Interview - Unholy Cause: A Romance Noel by Author P.L. Blair *****Excerpt - Giveaway*****


Unholy Cause
Portals
Book 5
P.L. Blair
Genre: Urban Fantasy/Police Procedural/Light Romance
Publisher: Studio See Publishing LLC
Date of Publication: Sept. 30, 2017
ASIN: B0763FMV4S
Number of pages: 220
Word Count: 78,670
Cover Artist: Ron and Sarah Richter


Corpus Christi, Texas, police detective Tevis McLeod, an elf, must make an impossible choice: aid the evil Queen of the Unseelie Court in a quest that will allow her to become ruler over two worlds … or watch Kat Morales, his Human partner, and lifemate, die.



An Interview with Author P.L. Blair

Welcome to JB’s Bookworms with Brandy Mulder (or Character Madness and Musings)

Tell us about your newest book

Unholy Cause is the fifth book in my Portals series – which is based on my idea that a world of magic has always existed alongside our mundane, human world, the two world separated by gateways – the Portals.
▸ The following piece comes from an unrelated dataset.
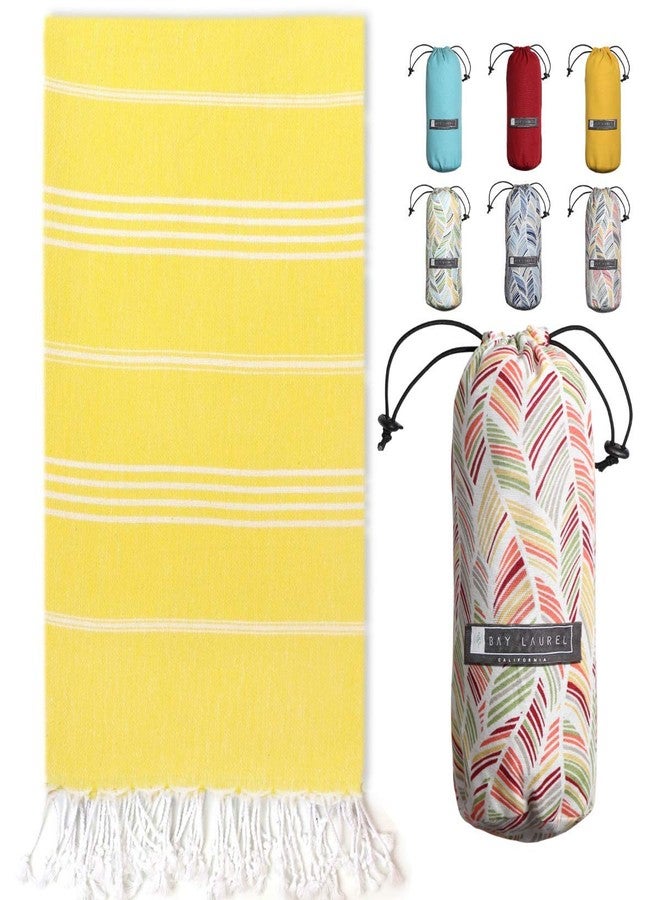 BAY LAUREL Turkish Beach Towel with Travel Bag 39 x 71 Quick Dry Sand Free Lightweight Large Oversized Towels Light - Image 1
In my books, the Portals were closed for centuries but are now open again, allowing the world of humans to be invaded by wizards, elves, hobgoblins, dragons – all the creatures of our myths and folklore. Tevis McLeod, an elf, and Kat Morales, a human, are detectives and part of a team that deals with crimes committed when magic is misused.

In Cause, Kat and Tevis, now lifemates, are up against the evil Queen of the Unseelie Court. The Queen is in search of a device that will allow her to become ruler over both the world of humans and the Realms of Magic, and Kat and Tevis become pawns in her plan to achieve that goal.


Writing isn’t easy. What was the most difficult thing you dealt with when writing your newest book?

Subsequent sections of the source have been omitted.